Welcome to OGeek Q&A Community for programmer and developer-Open, Learning and Share
Welcome To Ask or Share your Answers For Others

Categories

0 votes
1.4k views
in Technique[技术] by (71.8m points)

scala - How do I create a shared SparkSession fixture in scalatest that persists between test suites?

I am very new to Scala and Scalatest, but have some experience with Pyspark, and I'm trying to learn Scala from a Spark perspective.

I'm currently trying to get my head around exactly the correct way to set up and use fixtures within Scalatest.

The way I imagine this working, and this may not be how this is done in Scala, would be that I would setup a SparkSession as a global fixture shared amongst suites of test, then with potentially several sample datasets hooking into that SparkSession that may be used for an individual test suite with several tests etc.

At the moment, I have some code that is working for running several tests in the same suite using the shared fixture using the BeforeAndAfterAll trait; however, if I run several suites at the same time, the suite that completes first appears to terminate the SparkSession and any further tests fail with java.lang.IllegalStateException: Cannot call methods on a stopped SparkContext.

So, I was wondering if there is a way to create the SparkSession so that it will only be stopped when all running suites have completed; or if I'm barking up the wrong tree and there is a better approach altogether - as I say, I'm very new to Scala so this might just not be how you do this, in which case alternative suggestions are very welcome.

First I have a package testSetup and I'm creating a trait for the SparkSession:

package com.example.test

import org.apache.spark.sql.SparkSession
import org.apache.spark.sql.DataFrame
import org.apache.spark.sql.Row
import org.apache.spark.sql.types._

import org.scalatest._
import org.scalatest.FixtureSuite
import org.scalatest.funsuite.FixtureAnyFunSuite

package testSetup {

 trait SparkSetup  {
    val spark = SparkSession
      .builder
      .master("local")
      .appName(getClass.getSimpleName.replace("$", ""))
      .getOrCreate()
      
    spark.sparkContext.setLogLevel("ERROR")
  }
    

And then using this in a trait to set up some sample data:

 trait TestData extends SparkSetup {

    def data(): DataFrame = {

      val testDataStruct = StructType(List(
                              StructField("date", StringType, true),
                              StructField("period", StringType, true),
                              StructField("ID", IntegerType, true),
                              StructField("SomeText", StringType, true)))

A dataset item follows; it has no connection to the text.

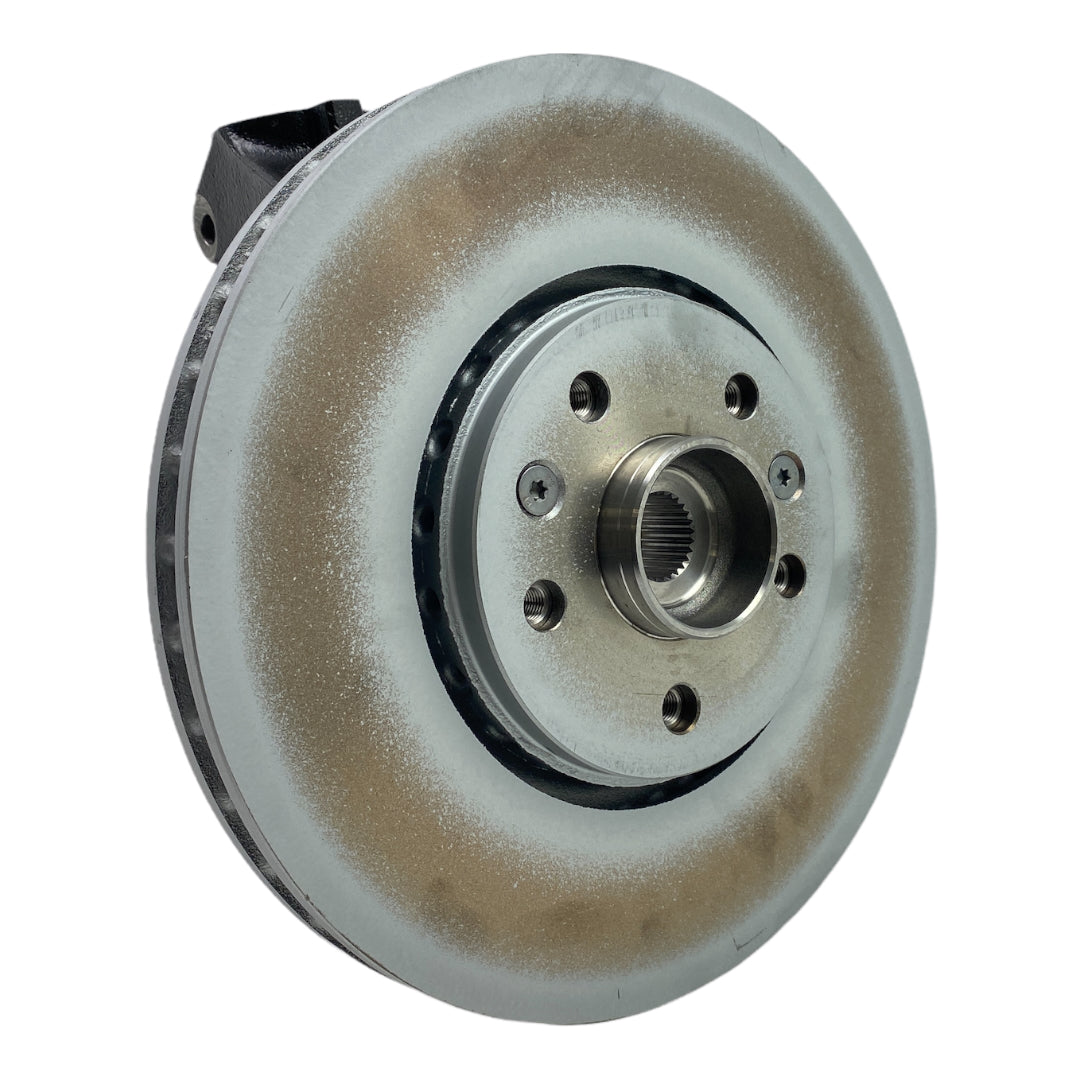 Pièce d'origine Fusée d'essieu avec disque de frein avant droite pour Renault Clio IV RS 1.6 TCe 400144476R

      val testData = Seq(Row("01012020", "10:00", 20, "Some Text"))

      spark.createDataFrame(spark.sparkContext.parallelize(testData), testDataStruct)
      
    }
  }

I'm then putting these together to run the test via withFixture and use afterAll to close the SparkSession; this is clearly where something isn't quite right, but I'm not really sure what:

  trait DataFixture extends funsuite.FixtureAnyFunSuite with TestData with BeforeAndAfterAll { this: FixtureSuite =>

    type FixtureParam = DataFrame

    def withFixture(test: OneArgTest) = {

      super.withFixture(test.toNoArgTest(data())) // "loan" the fixture to the test
    }

    override def afterAll() {
      spark.close()
    }        
  }
}

I'm currently testing a basic function to hash the columns in a DataFrame dynamically, with the option to exclude some; here's the code:

package com.example.utilities

import org.apache.spark.sql.SparkSession
import org.apache.spark.sql.DataFrame
import org.apache.spark.sql.functions.col
import org.apache.spark.sql.functions._

object GeneralTransforms {
    def addHashColumn(inputDataFrame: DataFrame, exclusionCols: List[String]): DataFrame = {
        
        val columnsToHash = inputDataFrame.columns.filterNot(exclusionCols.contains(_)).toList
        
        inputDataFrame.withColumn("RowHash", sha2(concat_ws("|", columnsToHash.map(col) : _*), 256))
    }
}

And the current test cases:-

import testSetup._
import com.example.utilities.GeneralTransforms._

import org.apache.spark.sql.DataFrame

class TestData extends funsuite.FixtureAnyFunSuite with DataFixture {
  test("Test data has correct columns") { inputData => 
    val cols = inputData.columns.toSeq
    val expectedCols = Array("date", "period", "ID", "SomeText").toSeq
    
    assert(cols == expectedCols)
  }
}

class TestAddHashColumn extends funsuite.FixtureAnyFunSuite with DataFixture {
  
  test("Test new hash column added") { inputData =>
    val hashedDf = addHashColumn(inputData, List())
    val initialCols = inputData.columns.toSeq
    val cols = hashedDf.columns.toSeq
    
    assert(initialCols.contains("RowHash") == false)
    assert(cols.contains("RowHash") == true)
  }

  test("Test all columns hashed - no exclusion") { inputData =>
    val hashedDf = addHashColumn(inputData, List())
    val rowHashColumn = hashedDf.select("RowHash").first().getString(0)
    val checkString = "01012020|10:00|20|Some Text"
    val expectedHash = String.format("%064x", new java.math.BigInteger(1, java.security.MessageDigest.getInstance("SHA-256").digest(checkString.getBytes("UTF-8"))))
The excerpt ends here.